▸ **Data**
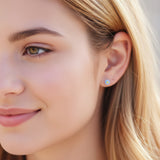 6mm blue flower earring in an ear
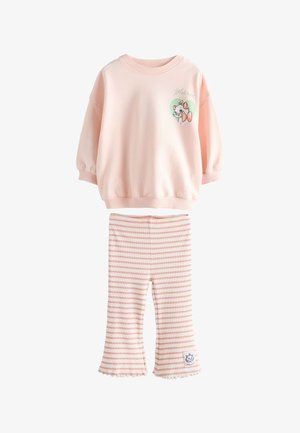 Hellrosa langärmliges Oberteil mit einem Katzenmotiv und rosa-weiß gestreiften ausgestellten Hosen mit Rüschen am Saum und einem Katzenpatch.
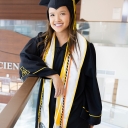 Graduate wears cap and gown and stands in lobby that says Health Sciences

▸ **What you will do**
Transcribe the listing above exactly, leaving every picture out.

▸ **Result of the task**
 6mm blue flower earring in an ear
 Hellrosa langärmliges Oberteil mit einem Katzenmotiv und rosa-weiß gestreiften ausgestellten Hosen mit Rüschen am Saum und einem Katzenpatch.
 Graduate wears cap and gown and stands in lobby that says Health Sciences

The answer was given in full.